Re: [HACKERS] VACUUM and ANALYZE disagreeing on what reltuples means

From: Tomas Vondra <tomas(dot)vondra(at)2ndquadrant(dot)com>
To: David Steele <david(at)pgmasters(dot)net>, Tom Lane <tgl(at)sss(dot)pgh(dot)pa(dot)us>
Cc: Stephen Frost <sfrost(at)snowman(dot)net>, Michael Paquier <michael(dot)paquier(at)gmail(dot)com>, Haribabu Kommi <kommi(dot)haribabu(at)gmail(dot)com>, "pgsql-hackers(at)postgresql(dot)org" <pgsql-hackers(at)postgresql(dot)org>
Subject: Re: [HACKERS] VACUUM and ANALYZE disagreeing on what reltuples means
Date: 2018-03-20 20:14:04
Message-ID: 3b3d8eac-c709-0d25-088e-b98339a1b28a@2ndquadrant.com
Views: Raw Message | Whole Thread | Download mbox | Resend email
Thread:
Lists: pgsql-hackers

Hi,

So here is an updated version of the patch/fix, addressing the remaining
issues in v3 posted by Tom in November.

The 0001 part is actually a bugfix in bloom and spgist index AM, which
did something like this:

reltuples = IndexBuildHeapScan(...)

result->heap_tuples = result->index_tuples = reltuples;

That is, these two AMs simply used the number of heap rows for the
index. That does not work for partial indexes, of course, where the
correct index reltuples value is likely much lower.
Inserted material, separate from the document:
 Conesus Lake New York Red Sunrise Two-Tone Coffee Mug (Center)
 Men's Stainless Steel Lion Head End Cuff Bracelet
0001 fixes this by tracking the number of actually indexed rows in the
build states, just like in the other index AMs.

A VACUUM or ANALYZE will fix the estimate, of course, but for tables
that are not changing very much it may take quite a while. So I think
this is something we definitely need to back-patch.

The 0002 part is the main part, unifying the definition of reltuples on
three main places:

a) acquire_sample_rows (ANALYZE)
b) lazy_scan_heap (VACUUM)
c) IndexBuildHeapRangeScan (CREATE INDEX)

As the ANALYZE case seems the most constrained, the other two places
were updated to use the same criteria for which rows to include in the
reltuples estimate:

* HEAPTUPLE_LIVE
* HEAPTUPLE_INSERT_IN_PROGRESS (same transaction)
* HEAPTUPLE_DELETE_IN_PROGRESS (not the same trasaction)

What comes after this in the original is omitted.